Advertisement

CIRCLING THE SQUARE

Sever Hall

Like an old 40 and 8 being transformed into a Pullman coach, Sever Hall is going Lamont. The grimy Greek statuary and the faded photos of French cathedrals are on their way out and the archaic benches will be removed in favor of a sleek, specially designed desk chair. By spring, Henry Hobson Richardson's building will sport an interior in soft pastel shades, humming with glareless fluorescent lights.

Sever, built in 1880, was Richardson's first opus after he finished Trinity Church in Boston. It was the first time he really went modern, and marks the inauguration of the "Richardson style," which has since been damned because of the ugly efforts of Richardson's many imitators. Sever, however, is considered a masterpiece. A Wellesley architecture course makes a yearly pilgrimage to the Yard to see it.

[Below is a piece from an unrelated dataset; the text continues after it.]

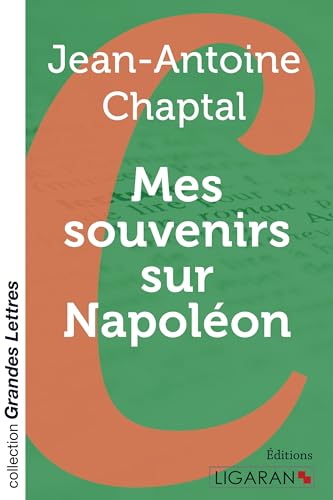 Beispielbild fr Mes souvenirs sur Napolon (grands caractres) zum Verkauf von Buchpark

The brickwork of the north wall is particularly impressive. At one time the University wanted to build a fire escape against it, but the architect employed was so horrified by the intended desecration that he designed a very expensive fire escape. The University decided to put in an interior stairway instead.

Sever's 37 classrooms have been used mostly for courses in Math, Modern Languages, and Classics. The Fine Arts department once occupied "the Loft" on the fourth floor, in the days when the only fire escape was a series of ropes on he side of the building towards Emerson. Sever also houses a large collection of classical antiquities, including 42 portrait busts of Julius Caesar. The current refurbishing has doomed the whole collection to the attic.

When the new chairs, 1400 of them, arrive in a few days, Sever's famed carved benches will be on their way to storage too-far tradition's sake, the chewed up boards are not being thrown away. The earliest carving yet found dates to 1882; later works include innumerable Harvard-Yale game scores, incised checkerboards, and the masterpiece, an entire crucifixion scene with attendant saints.

Advertisement

Modernization is turning the dreary classrooms into models of educational equipment: decorated in three different color schemes, yellow, green, and grey. As a final touch, the front wall of each room will be a shade darker than the side walls, a psychological device designed to keep the students' attention focused on the instructor.

In spite of the sweep of progress, at least one familiar feature of Sever will remain. The signs that read "Emergency Egress Only" are being repainted. In fact, every classroom is to have one.